Use a function call to monkey patch and not on import?
thomasjpfan opened this issue · 5 comments
For scikit-learn, I prefer to not automatically monkeypatch when using this library. I plan to use a custom function to get the DataFrame API:
def get_dataframe_standard(df):
if hasattr(df, "__dataframe_standard__"):
return df.__dataframe_standard__()
elif _is_pandas_df(df):
from .pandas_standard import dataframe_standard as pandas_dataframe_standard
return pandas_dataframe_standard(df)
...
Is there a way to adjust this library to monkey patch after a function call?

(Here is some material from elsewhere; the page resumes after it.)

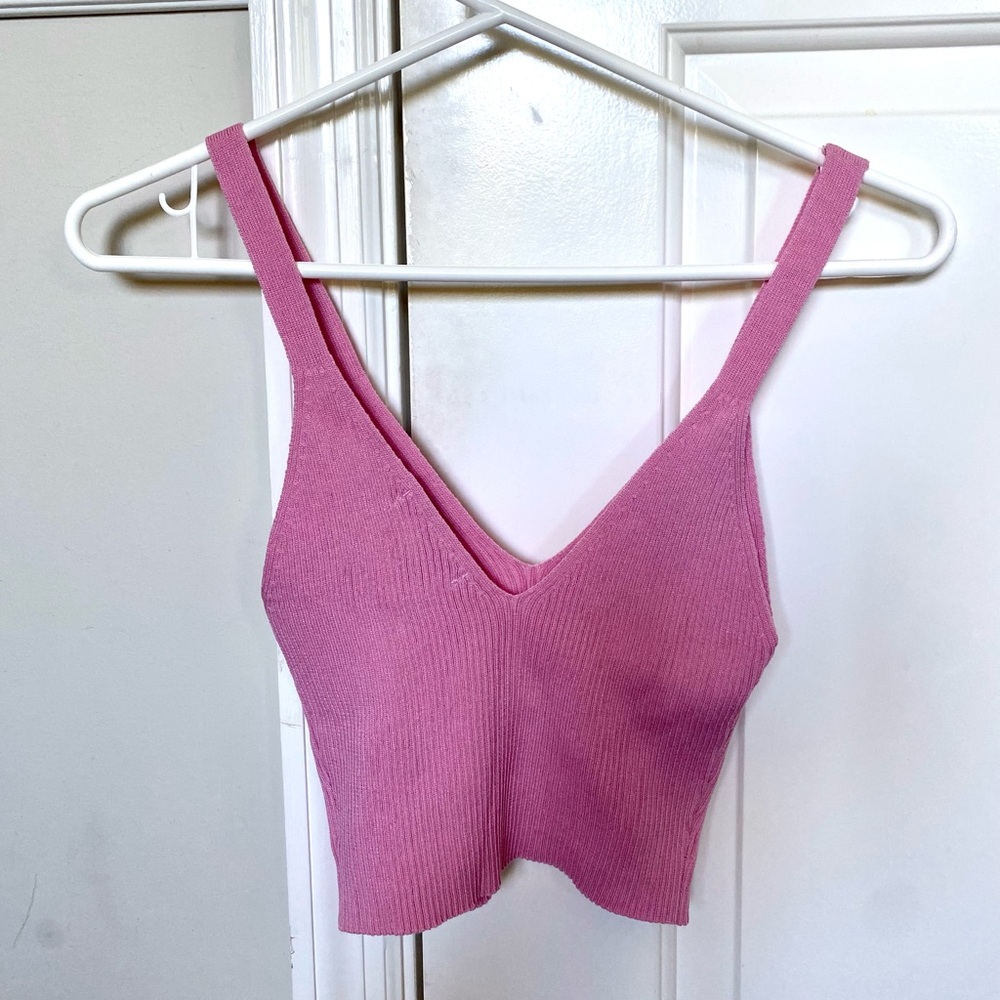 Pink Ribbed Knit Crop Top - Picture 2 of 2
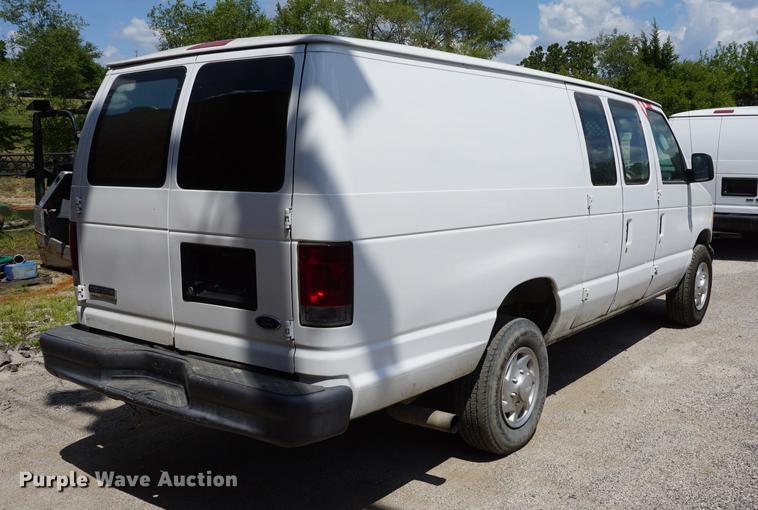 image for item DD7851 2007 Ford E350 Super Duty Extended van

from pandas_standard import patch_dataframe
patch_dataframe("pandas")
A similiar pattern is used in Intel's scikit-learn implementation.
Hey @thomasjpfan
You could do
from pandas_standard import PandasDataFrame
df_compliant = PandasDataFrame(df)
Eventually the aim is to get this upstreamed to pandas/polars, but for now, that should work to test it out and see what the gaps are
The issue is that importing pandas_standard
itself will monkeypatch, even if I only want to use PandasDataFrame
:
from pandas_standard import PandasDataFrame
import pandas as pd
x = pd.DataFrame([[1, 2, 3], [4, 5, 6]])
assert hasattr(x, "__dataframe_standard__")
A library using pandas_standard
will end up monkeypatching a user's environment.
Specifically, the pandas_standard
import will monkeypatch in the following:
def get_dataframe_standard(df):
if hasattr(df, "__dataframe_standard__"):
return df.__dataframe_standard__()
elif _is_pandas_df(df):
from pandas_standard import PandasDataFrame
return PandasDataFrame(df)
elif _is_polars_df(df):
...
ah makes sense
I'll just remove the monkeypatching then
have updated - does this work for you?
Yea, that's okay. The only nit is that convert_to_standard_compliant_dataframe
should raise an error if it does not recognize the input:
I likely wont be able to use standard.py
as is, because scikit-learn optionally depends on the dataframe libraries. But I can work around it by having my own custom function.